* EXERCISE
Exact wording is needed for every line from the one holding "IL Rustichello - Foto 48" to the end of the records below; write those lines out and omit the pictures.

DATA PROVIDED START

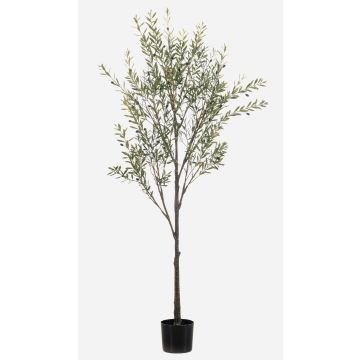Olivo artificiale LONIRB con frutti, tronco artificiale, crossdoor, 175 cm
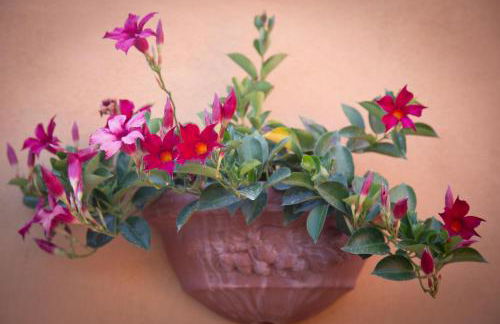 IL Rustichello - Foto 48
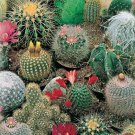 Cactus Seeds Mix Indoor Plant Species Bonsai Succulent Flower Seeds Garden 30Pcs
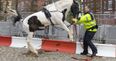 Hilarious Facebook post warns of horse with ‘permanent erection’ plaguing an Irish town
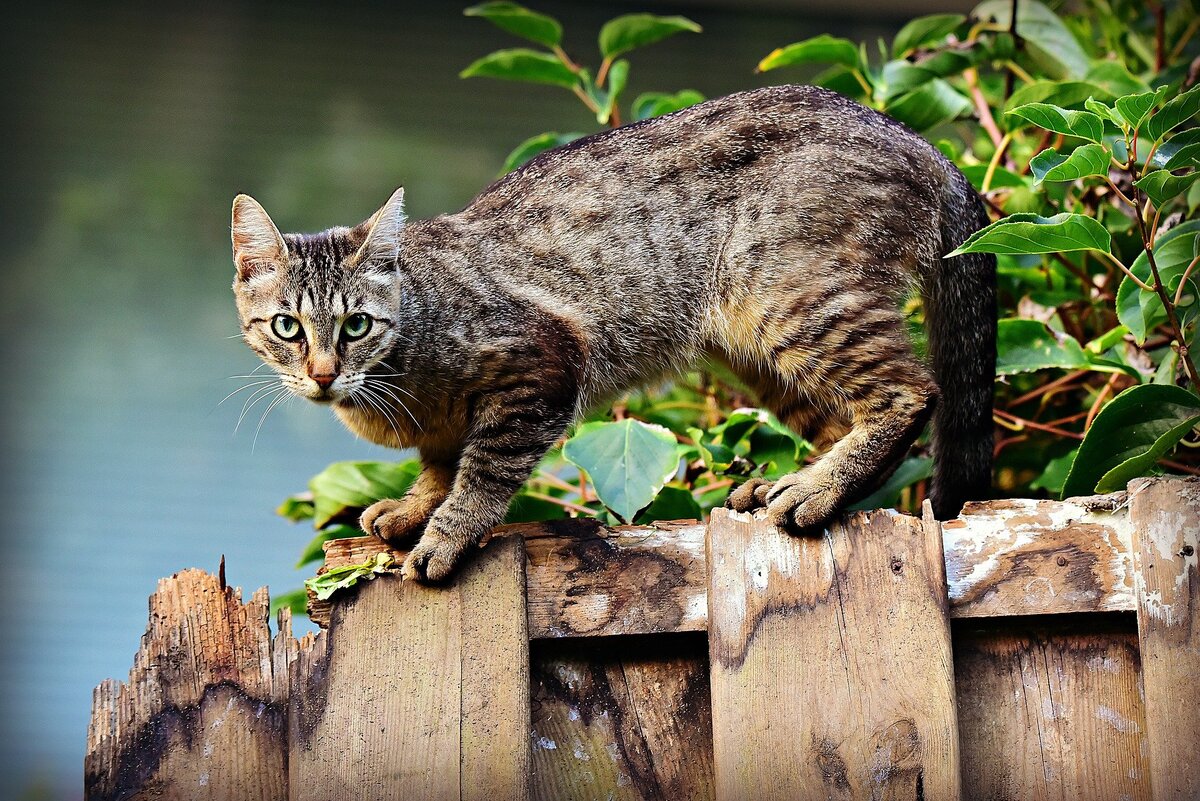 Фото: pixabay.com
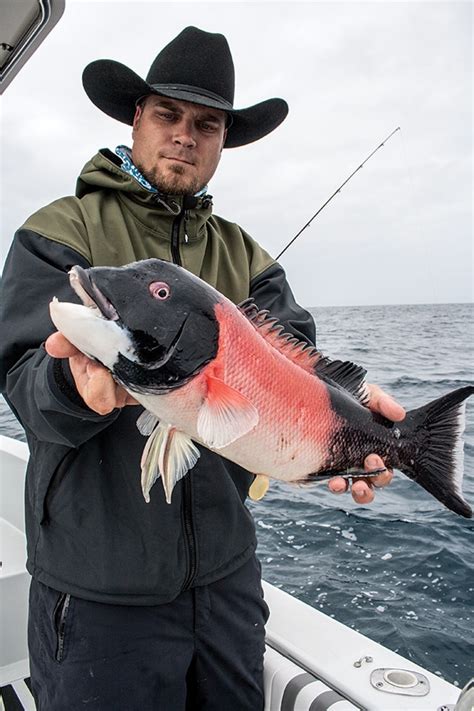 Goat Busters How To Catch California Sheephead Salt Water Sportsman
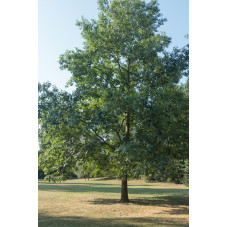 chêne rouge d'Amérique - quercus rubra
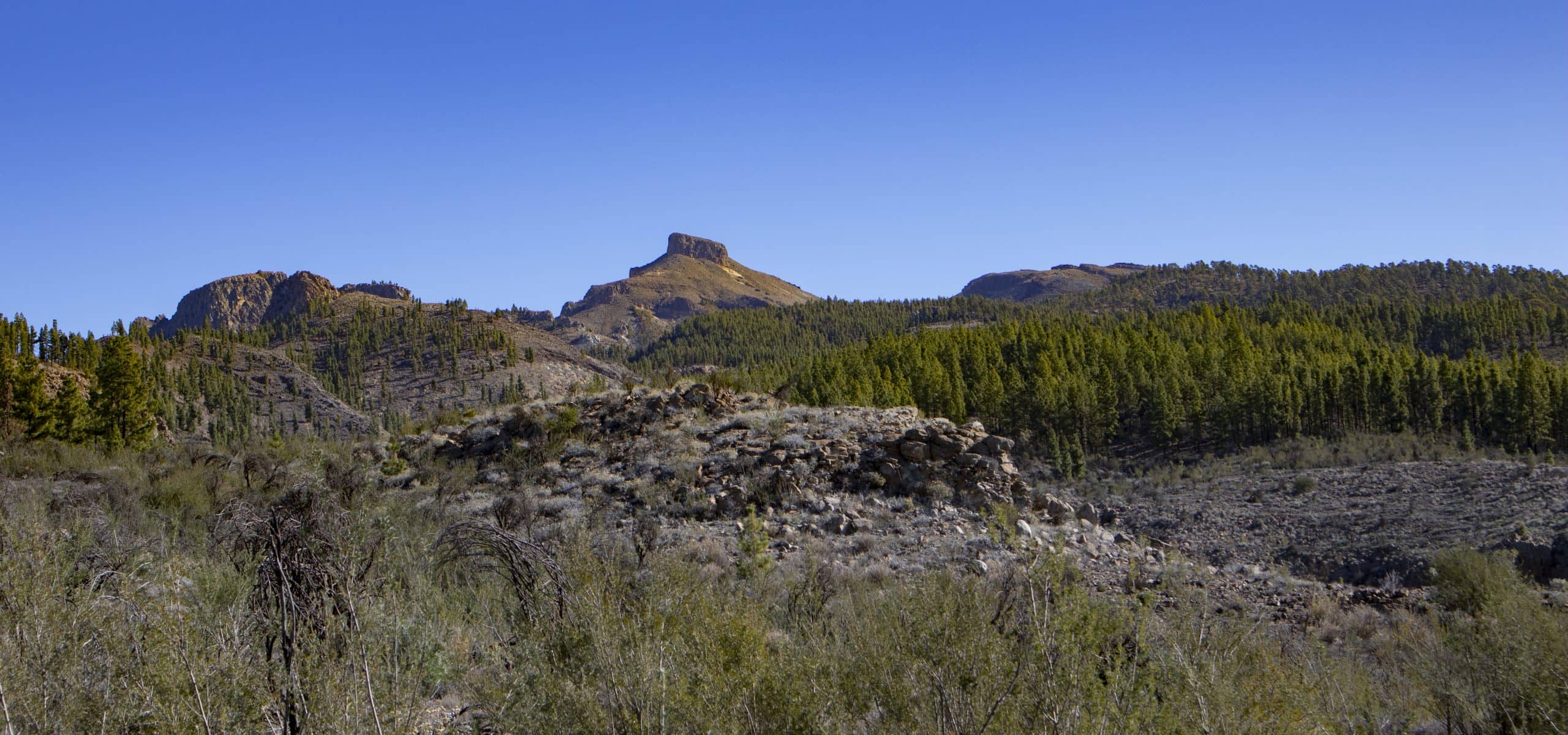 View of the mountains near the Cañadas with pine forest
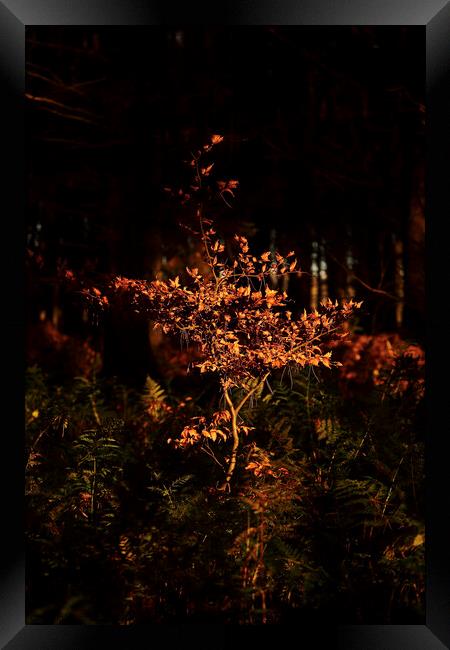 sunlit beech tree  Framed Print by Simon Johnson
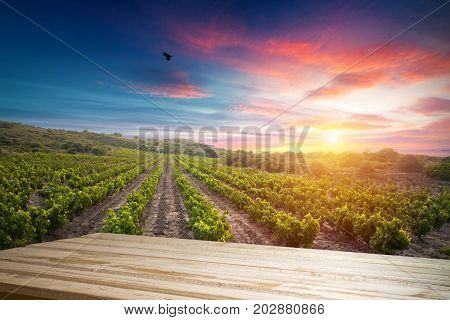 Red wine with barrel on vineyard in green Tuscany, Italy.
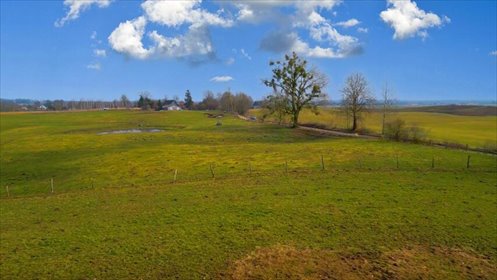 działka na sprzedaż 3000m2 działka Brejdyny
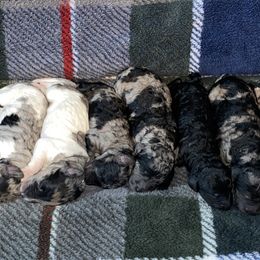 Labradoodle Puppies from Stephanie Roberts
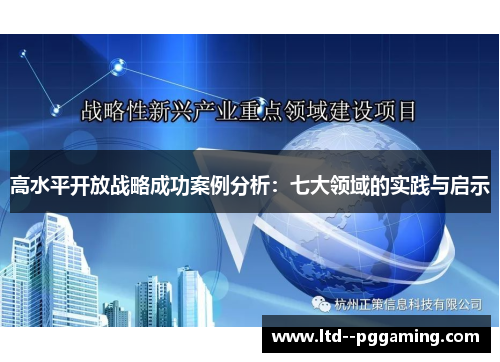 高水平开放战略成功案例分析：七大领域的实践与启示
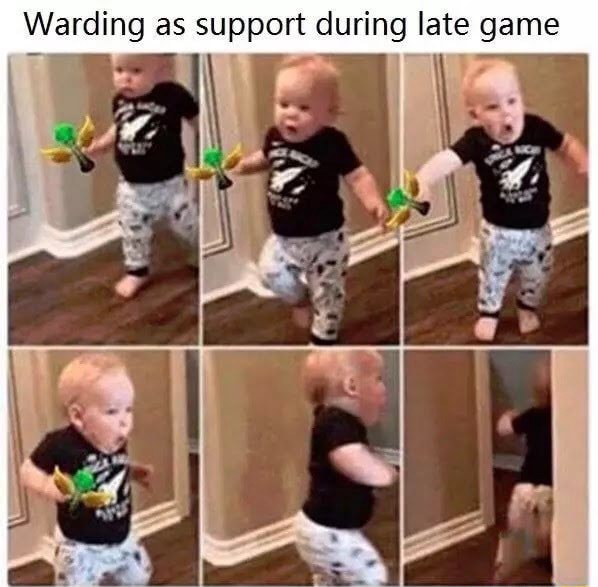 Warding As Support During Late Game Ifunny 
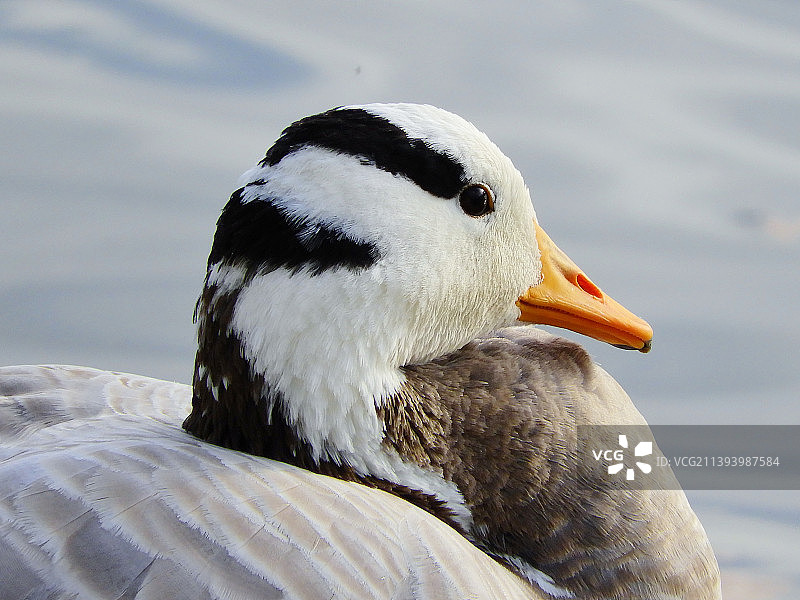 湖中游泳的麝香鸭特写图片素材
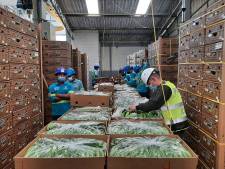 Vrees voor overrijpe bananen als élke fruitcontainer door drugsscanner moet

DATA PROVIDED END

* RESPONSE FOR THIS EXERCISE
 IL Rustichello - Foto 48
 Cactus Seeds Mix Indoor Plant Species Bonsai Succulent Flower Seeds Garden 30Pcs
 Hilarious Facebook post warns of horse with ‘permanent erection’ plaguing an Irish town
 Фото: pixabay.com
 Goat Busters How To Catch California Sheephead Salt Water Sportsman
 chêne rouge d'Amérique - quercus rubra
 View of the mountains near the Cañadas with pine forest
 sunlit beech tree  Framed Print by Simon Johnson
 Red wine with barrel on vineyard in green Tuscany, Italy.
 działka na sprzedaż 3000m2 działka Brejdyny
 Labradoodle Puppies from Stephanie Roberts
 高水平开放战略成功案例分析：七大领域的实践与启示
 Warding As Support During Late Game Ifunny 
 湖中游泳的麝香鸭特写图片素材
 Vrees voor overrijpe bananen als élke fruitcontainer door drugsscanner moet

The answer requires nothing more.